• [Problem to solve]: In the records below, find the line containing "Critical Window atau" and repeat it and every line after it exactly, without pictures.

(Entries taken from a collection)
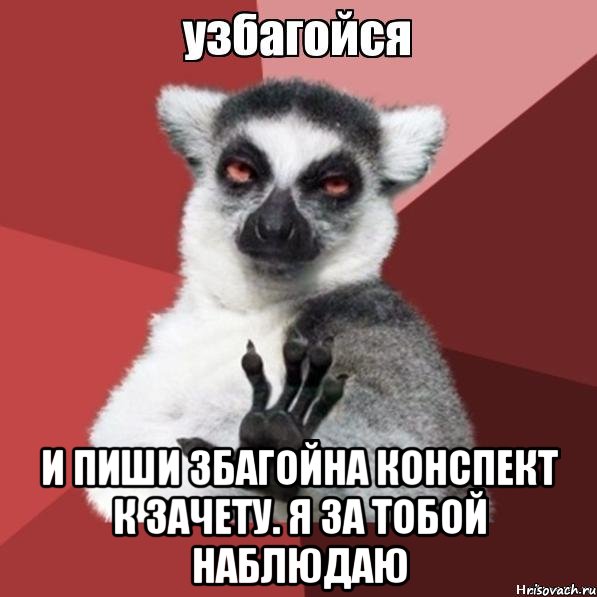  и пиши збагойна конспект к зачету. я за тобой наблюдаю, Мем Узбагойзя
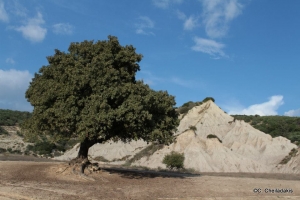 Komolithi at Potamida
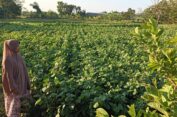 Harga Jual Stabil Jadi Alasan Petani di Gresik Tanam Kacang Hijau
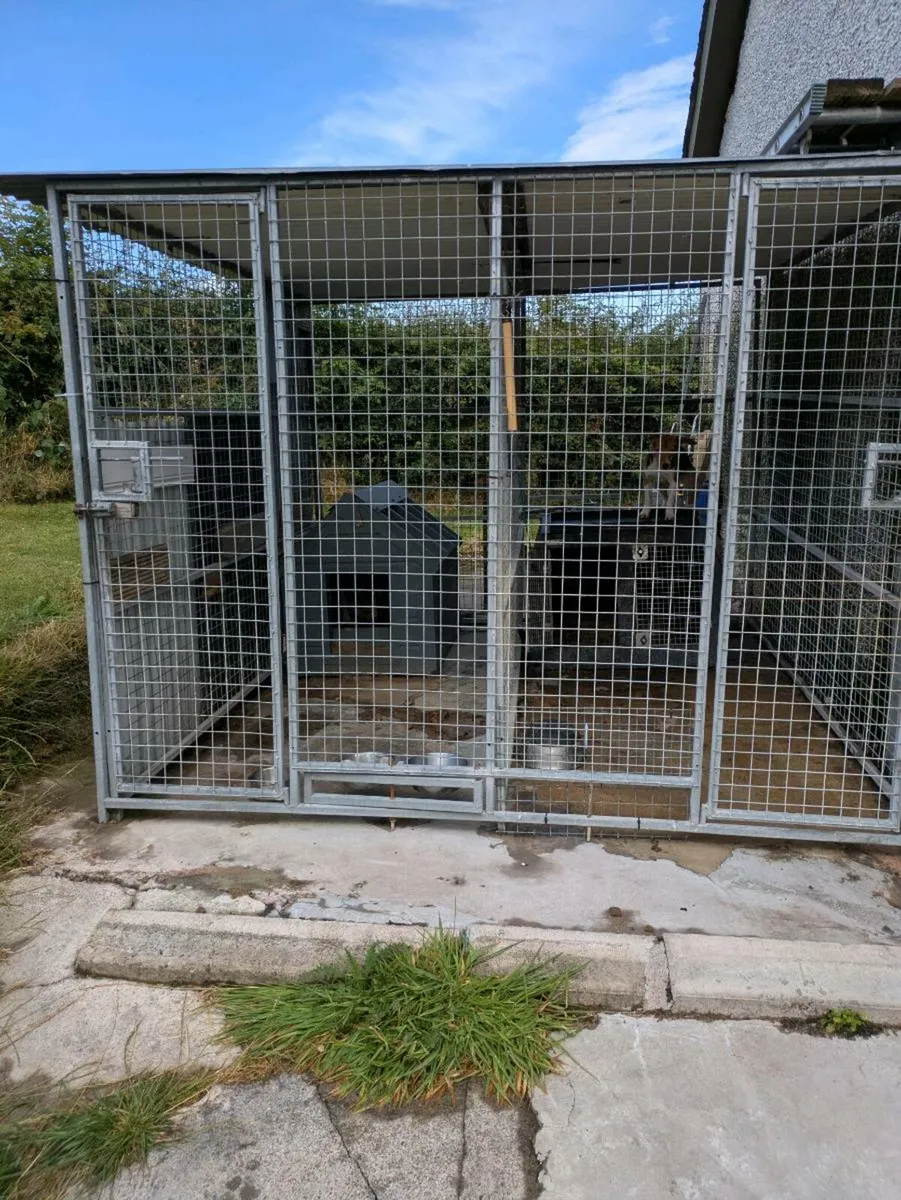 Dog Kennel - Image 2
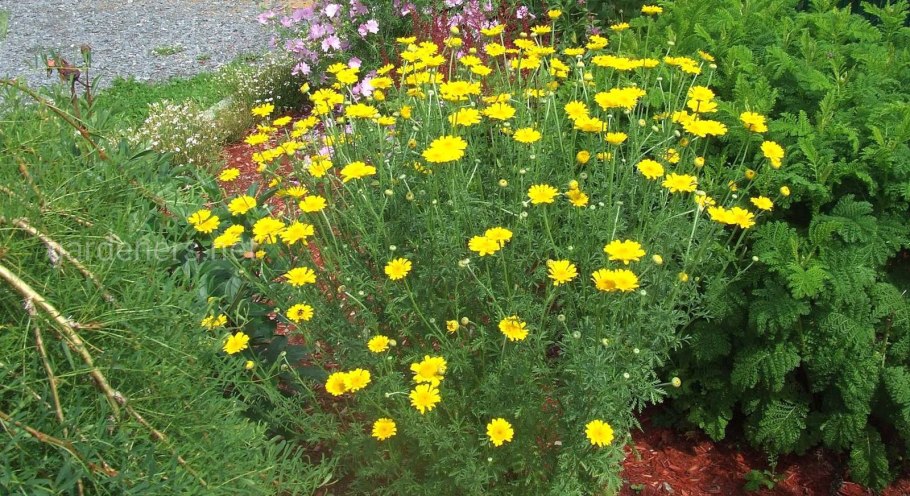 Пупавка красильная желтая Ромашка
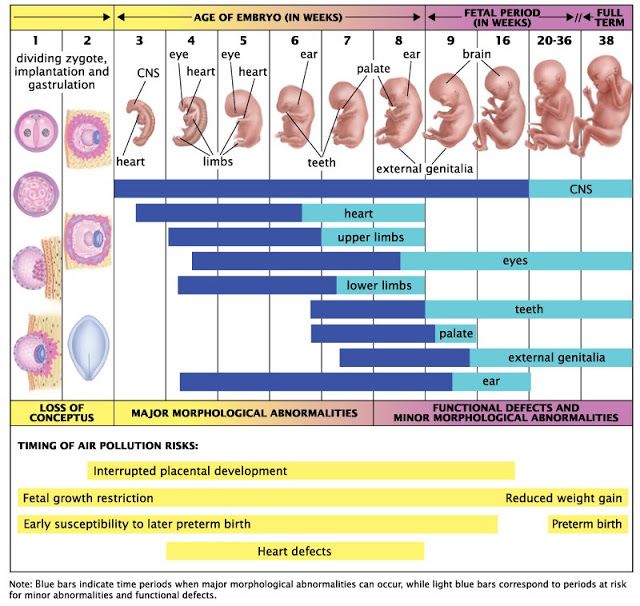 Critical Window atau masa kritis perkembangan janin di rahim ibu. Sumber: exposingtruth.com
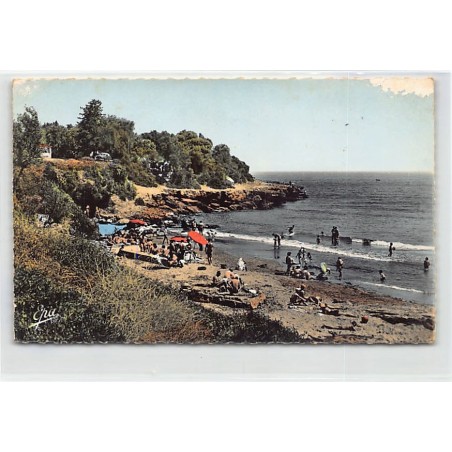 Rare collectable postcards of ALGERIA. Vintage Postcards of ALGERIA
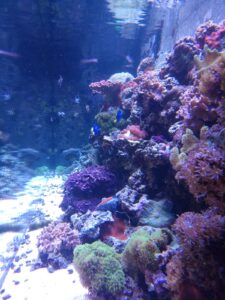 A coral reef aquarium with colorful corals and several small fish swimming near the rocks under clear water.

• [Written answer]:
 Critical Window atau masa kritis perkembangan janin di rahim ibu. Sumber: exposingtruth.com
 Rare collectable postcards of ALGERIA. Vintage Postcards of ALGERIA
 A coral reef aquarium with colorful corals and several small fish swimming near the rocks under clear water.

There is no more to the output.